The Government of the United Kingdom has published proposals regarding the possibility of re-domiciliation of companies from other jurisdictions to the UK. Corporate re-domiciliation means relocating a company from one jurisdiction to another while maintaining its identity as a legal person. After re-domiciliation, Companies incorporated outside the UK will be entirely governed by UK laws. The Government intends to allow re-domiciliation for all legal entities insofar as they are comparable with the UK legal forms. It is assumed that re-domiciliation will be possible both to and out of the UK.

The option to relocate to the UK will be available not only for European companies. Re-domiciliation can also be allowed to companies incorporated in Canada, New Zealand, Singapore, several US states (Delaware, Florida, Wyoming and others), Cyprus, Malta, Belgium, Luxembourg, and (solely for investment funds) Ireland, and many offshore financial centres. The Government believes that re-domiciled companies will not be subject to economic substance conditions. It also is not planning to prescribe a minimum turnover for companies wishing to re-domicile to the UK.

For tax purposes, the assets of the companies re-domiciled to the UK will be appraised at their market value. However, it is unclear whether this rule can apply to companies moved from non-EU jurisdictions.

As part of the consultations, it is proposed to consider the implications of re-domiciliation on personal tax liabilities of individuals (owners of companies) and stamp taxes. Stamp tax generally arises on transfers of existing shares issued by UK incorporated companies but does not apply to the issue of new shares.

Regarding tax residence of companies re-domiciled out of the UK to another jurisdiction (assuming that their central management and control are exercised outside the UK), the Government is considering two options: a company ceases to be UK resident by virtue of the re-domiciliation or continues to be treated as UK resident unless it is treated as a non-UK resident under a double taxation agreement.

To re-domicile to the UK, the incoming companies must meet the proposed eligibility criteria:

  1. Companies can only re-domicile to the UK if their current place of incorporation allows it and they have complied with all legal requirements in their country of origin.
  2. No legal or enforcement action in the current country of incorporation is being taken against the company’s directors. Directors must also meet all the requirements of UK company law.
  3. Re-domiciliation must be made in good faith (for example, not to evade creditors) and must not pose any risks to national security.
  4. The processing of the application for re-domiciliation will be conditioned by payment of a registration fee.
  5. Only solvent companies will be able to re-domicile to the UK. The company’s assets must exceed its liabilities.
  6. Companies must not be in liquidation or similar procedures.

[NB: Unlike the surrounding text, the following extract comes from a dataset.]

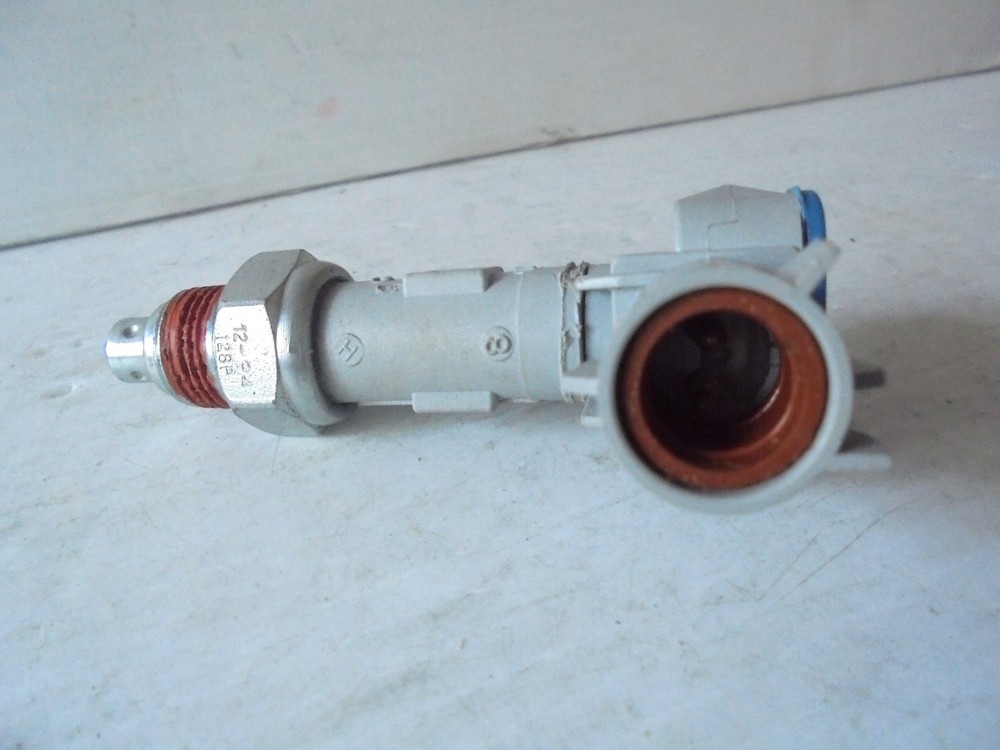 Ported Vacuum Switch Standard PVS112 ORIGINAL FORD E2B2-8A564-A2A NEW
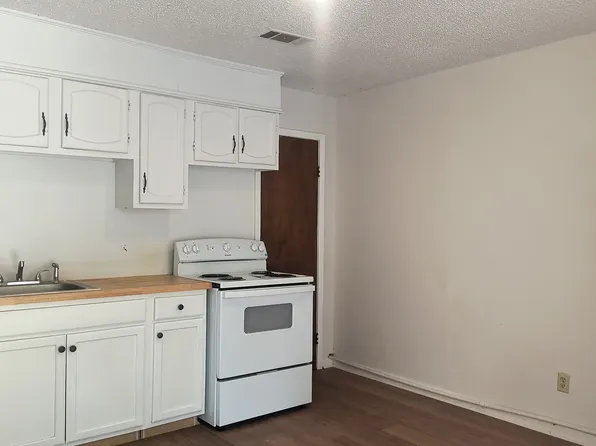 901 E 29th Ave #5, Pine Bluff, AR 71601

The public is invited to express their views on 45 questions. In particular, the stakeholders are asked about:

  1. the advantages of re-domiciliation in comparison with existing methods of relocation of business to the UK;
  2. types of companies and sectors of the economy that will be most interested in re-domiciliation;
  3. the level of demand the UK might expect from the foreign companies seeking to re-domicile;
  4. the jurisdictions from which companies would most likely re-domicile to the UK?
  5. the features of foreign re-domiciliation regimes that the UK should adopt or avoid?
  6. the factors that would influence the choice of the UK as a place of incorporation;
  7. pros and cons of the possible time limit of being domiciled outside the UK before re-domiciliation; and others.

The consultations’ closing date is 7 January 2022.